▶ _Dataset records_:
--*--

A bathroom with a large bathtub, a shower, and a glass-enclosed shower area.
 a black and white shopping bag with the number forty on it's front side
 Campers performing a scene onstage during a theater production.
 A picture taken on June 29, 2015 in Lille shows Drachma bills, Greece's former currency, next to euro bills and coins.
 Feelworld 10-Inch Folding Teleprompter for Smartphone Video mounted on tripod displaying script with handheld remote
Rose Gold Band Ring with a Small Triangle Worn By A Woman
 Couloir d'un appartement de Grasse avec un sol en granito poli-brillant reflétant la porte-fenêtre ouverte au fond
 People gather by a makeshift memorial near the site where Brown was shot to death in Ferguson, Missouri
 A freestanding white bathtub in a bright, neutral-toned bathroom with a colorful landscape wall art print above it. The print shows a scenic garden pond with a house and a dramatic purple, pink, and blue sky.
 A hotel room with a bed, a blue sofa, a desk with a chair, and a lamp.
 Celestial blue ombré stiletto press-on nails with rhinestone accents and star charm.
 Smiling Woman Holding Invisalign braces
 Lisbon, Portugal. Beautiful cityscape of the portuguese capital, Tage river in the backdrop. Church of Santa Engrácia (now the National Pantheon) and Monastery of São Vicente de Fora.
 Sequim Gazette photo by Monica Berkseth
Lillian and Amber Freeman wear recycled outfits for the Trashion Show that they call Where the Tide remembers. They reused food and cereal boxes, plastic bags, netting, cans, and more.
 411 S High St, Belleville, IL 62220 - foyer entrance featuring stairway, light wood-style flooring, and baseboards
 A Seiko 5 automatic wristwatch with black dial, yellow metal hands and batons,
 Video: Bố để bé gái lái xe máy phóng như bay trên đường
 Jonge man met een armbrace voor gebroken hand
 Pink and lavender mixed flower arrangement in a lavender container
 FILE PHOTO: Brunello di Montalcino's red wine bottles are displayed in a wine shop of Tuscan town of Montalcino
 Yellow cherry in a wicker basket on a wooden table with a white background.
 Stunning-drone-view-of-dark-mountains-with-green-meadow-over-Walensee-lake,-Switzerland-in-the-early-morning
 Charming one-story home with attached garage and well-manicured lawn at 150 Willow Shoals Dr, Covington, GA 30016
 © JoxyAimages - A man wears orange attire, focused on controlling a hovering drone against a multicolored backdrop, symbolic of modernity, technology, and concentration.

--*--

▶ _Problem_: List every line from the entries above in which "blue" appears.

▶ _Answer_:
 A freestanding white bathtub in a bright, neutral-toned bathroom with a colorful landscape wall art print above it. The print shows a scenic garden pond with a house and a dramatic purple, pink, and blue sky.
 A hotel room with a bed, a blue sofa, a desk with a chair, and a lamp.
 Celestial blue ombré stiletto press-on nails with rhinestone accents and star charm.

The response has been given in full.